1. Read 1-2 existing connector docs from `docs/reference/connectors-kibana/` as templates (for example, `zendesk-action-type.md`, `jira-cloud-action-type.md`). Follow the same structure.
2. Write the new doc page. Use `docs-syntax-help` if unsure about MyST Markdown syntax.
3. Run these skills on the new file and fix any issues:
   - `frontmatter-description` — generate the `description` frontmatter field
   - `page-opening-optimizer` — verify H1 and opening paragraph
   - `applies-to-tagging` — validate `applies_to` block
   - `docs-check-style` — check Elastic style guide compliance

### Update navigation and listings

1. Add an entry in `docs/reference/toc.yml` under the connectors section.
2. Add a row in `docs/reference/connectors-kibana/_snippets/elastic-connectors-list.md`.

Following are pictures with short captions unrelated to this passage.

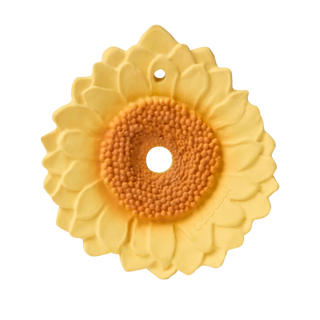 Sun the Sunflower Baby Teether & Bath Toy
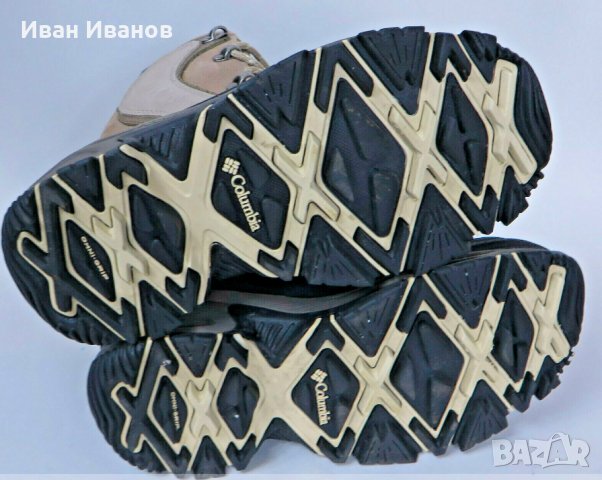 ботуши Columbia Bugaboot Omni-tech Winter Snow  номер 38,5-39, снимка 5 - Дамски боти - 32214564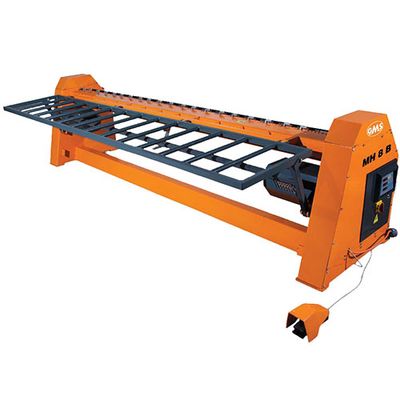 Станок для гибки арматурной сетки GocMakSan HB12x6 - изображение 11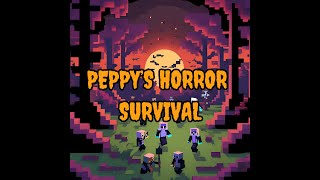 Peppy's Horror Minecraft Survival World Ep 5 #short #shortlive #minecraft #fyp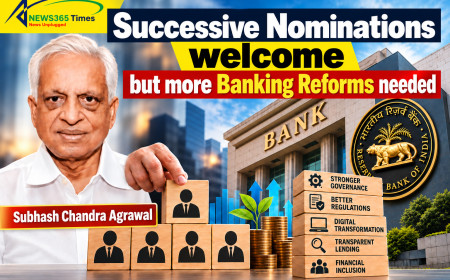 Successive Nominations welcome but more Banking Reforms needed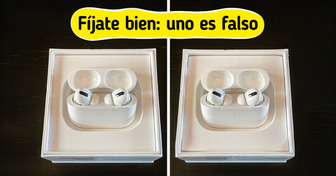 ¿AirPods o copia barata? 12 productos falsos que parecen reales (y cómo detectarlos)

Once you are done developing the connector spec, tests, and documentation, let the user review your work before next steps.

## Important Notes

- **Stop if architectural gaps emerge** — This skill is for adding connectors to the catalog, not for enhancing platform features
- **Write rich descriptions** — Every action and parameter must have descriptive text that helps LLMs choose the right action and construct valid inputs; add a `skill` property with multi-step patterns and gotchas
- **Follow existing patterns** — Look at Slack, GitHub, Google Drive, and ServiceNow connectors for reference
- **DO NOT modify existing documentation** — There may be existing connectors with similar names. Do not modify their documentation files.